As humans we create meaning, even if we ultimately resolve that life is meaningless. Our outlook is still the result of deliberation, however dejected. It is, in fact, those insisting only God can imbue meaning (since He created everything) who argue that the absence of God obviates meaning. This position, inculcated by rote, isn’t merely flawed intellectually; it’s defective, morally. The correlation between religious fanaticism and the violence it can inspire—and provide cover for—is well-documented. Disturbingly, the thin line between faith and desolation is reason enough to be grateful many would-be sociopaths are compelled by their belief, or suspension of belief, to determine there’s actual value (or, again, meaning) in their own existence; there’s motivation to choose amity over annihilation.

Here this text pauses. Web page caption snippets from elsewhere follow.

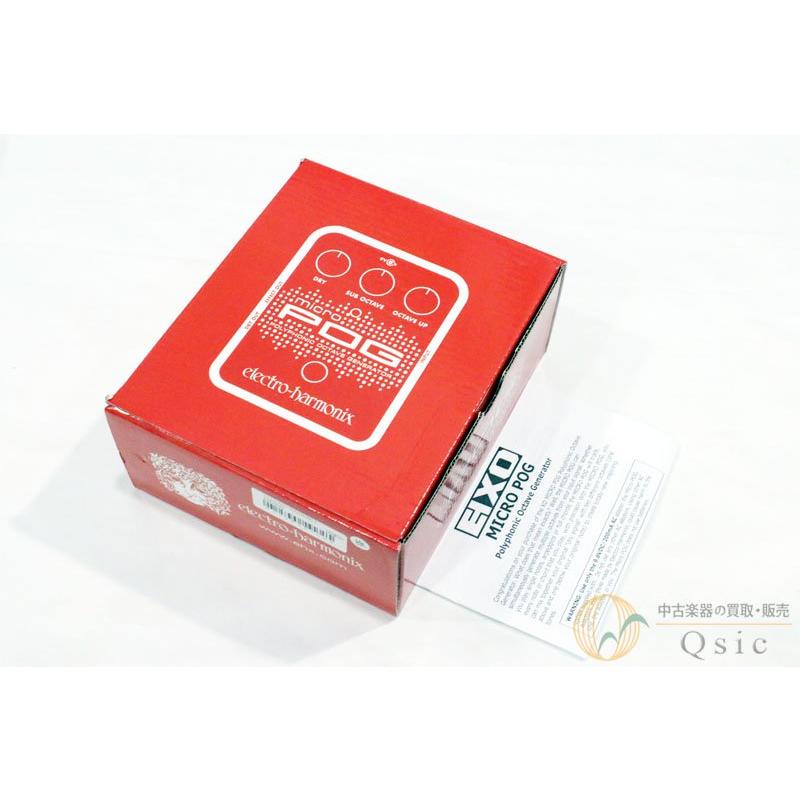 [極美品] Electro-Harmonix Micro POG [TK448] |  | 06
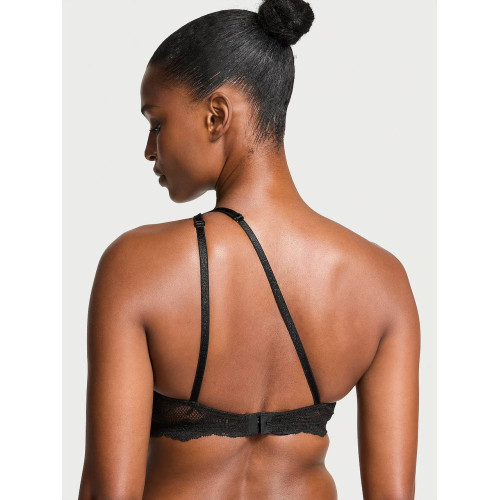 Бюстгальтер Victoria's Secret Twinkle Lace One-Shoulder Monowire Bra 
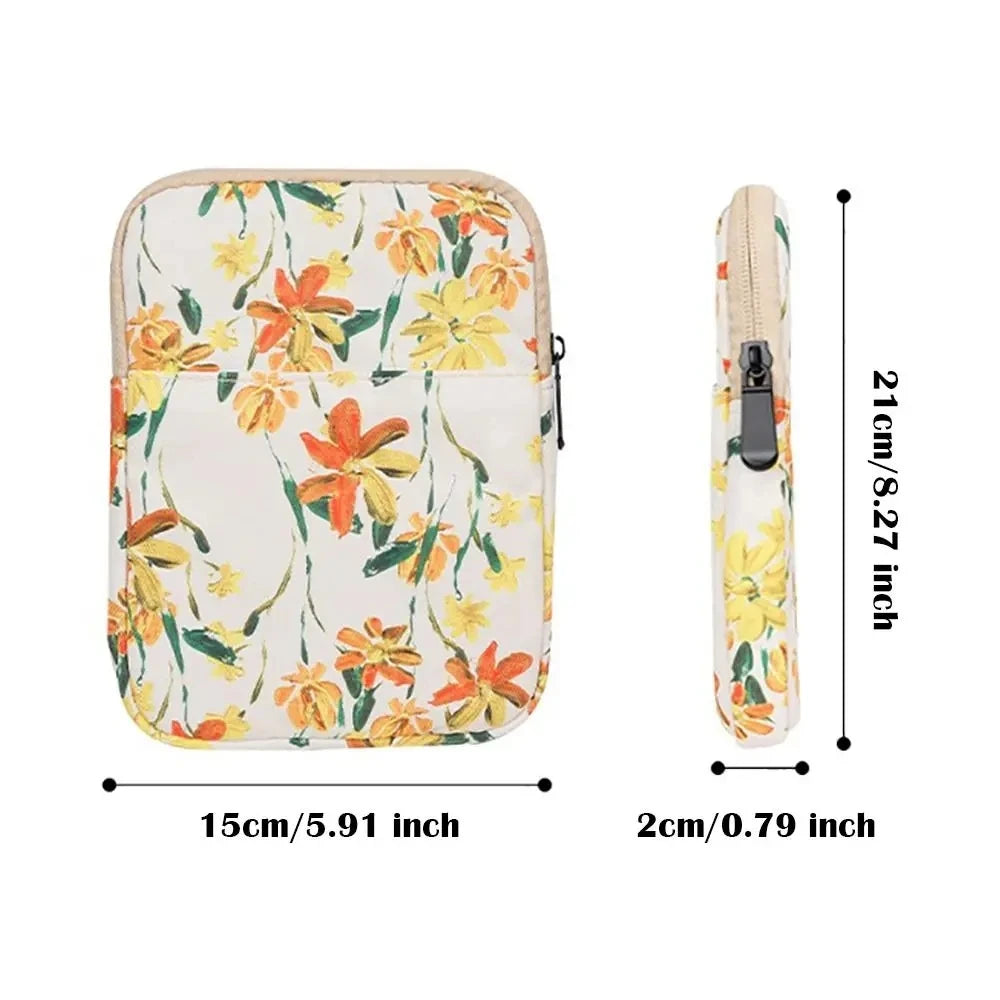 Manchon pour liseuse électronique de 11e génération, 6-7 pouces, étanche, antichoc, sac de rangement pour tablette, Portable, anti-rayures pour Kindle/Boox/Kobo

It is, then, with Batty, that the film turns typical theology upside down.  The redeeming (and, redeemed) character is, in a sense, dying for the sins of others, but will receive neither reward nor restoration. Not for nothing does Tyrell, after confirming Batty’s worst fears, declare him to be “the prodigal son.” Certainly, one could make a career out of the religious imagery invoked throughout the narrative (the nails in the palms, the brutal beating he suffers, the futile entreaty to his creator, etc.).

On a purely practical level, if one reckons that the ends justify the means, the notion of using Christ as a model is commendable, particularly when it results in the pursuit of reconciliation over aggression. Indeed, the idea that organized religion was designed as a self-perpetuating (and quite effective) system to organize and supervise the masses is unoriginal enough to be dismissed as cliché. And yet, considering the ultimate objective of Christian fellowship is to inspire conduct sufficient to earn everlasting life, it’s difficult to argue which is more disingenuous: the self-serving ecclesiastics or those who see through it, yet utilize it for personal gain or to consolidate control.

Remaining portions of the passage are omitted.